Bought a three pack of magnet wire from radioshack for 9 bucks. Its a little thin but good for notch filter coils. The spools seem the right size for forms. 
Will start making my impedance test board today. I will try too post pictures.
I also ordered sockets for 3.5 mm plugs for laptop mic and headphone jack on laptop (from Tayda electronics) 
This should be easier to make the REW set up for testing impedance since the sockets have the signal broken out in laug and I don't have to try and make a custom plug. Just plug a male/male cord from laptop to socket. Not quite clear on the schematic REW shows for the circuit. They have left and right outputs shown only. I guess ground is not used from the soundcard and headphone jack.


----------



## fdrahuse (Oct 30, 2014)

Received the cheap capacitor meter. Works good. 10.0 uf checked 9.88 uf.


----------



## fdrahuse (Oct 30, 2014)

Never got the impedance measurement jigs to work, but did measure manually. Using a couple of different microphones, resonant frequency of the side tweeters was about 1550 HZ. 

The tweeter I tested was actually pretty flat and compared well to the new tweeter I bought for the center tweeter. 

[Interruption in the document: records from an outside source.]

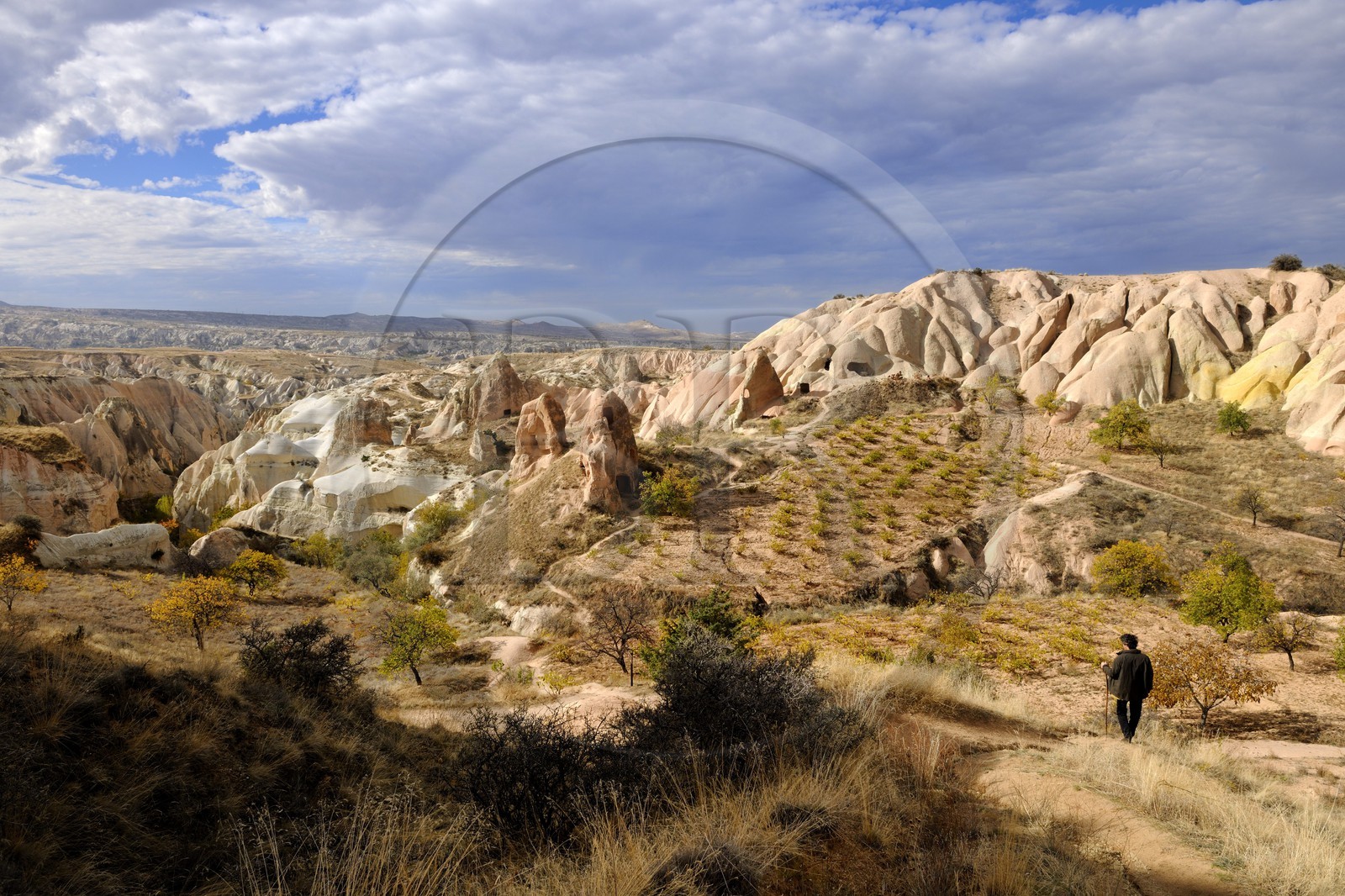 Turquie, Anatolie Centrale, province de Nevsehir, Cappadoce classée Patrimoine Mondial de l'UNESCO, vallon de Kizil Çukur (vallée Rouge) et vignes sur le versant occidental du massif de l'Ak Tepe vers Çavusin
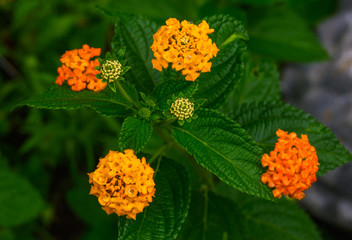 Farbenfrohe Blumen im Garten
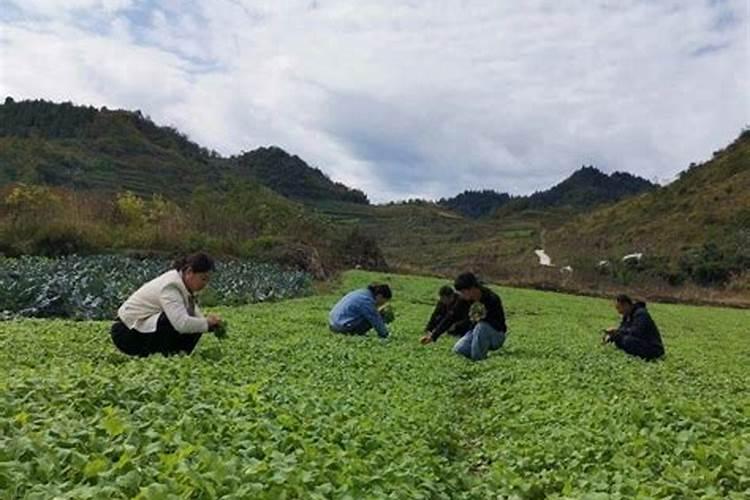 磷肥有什么作用？油菜为何要多施磷肥？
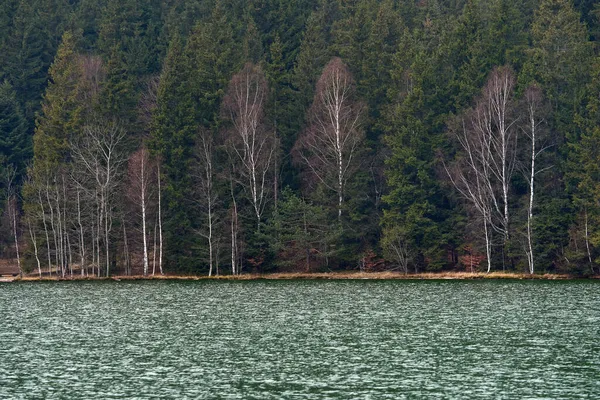 Svatá Anna Jediné Sopečné Jezero Rumunsku Vytvořené Kaldře Vyhynulé Sopky — Stock fotografie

Starting to work on testing crossover with the frequency response of the whole array wired together.


----------



## fdrahuse (Oct 30, 2014)

Just found out the Dayton Audio iMM-6 works with REW. The text calibration file from Dayton loads directly into REW just like the .cal files. No problem


----------



## fdrahuse (Oct 30, 2014)

Frequency response of tweeter with no baffle


----------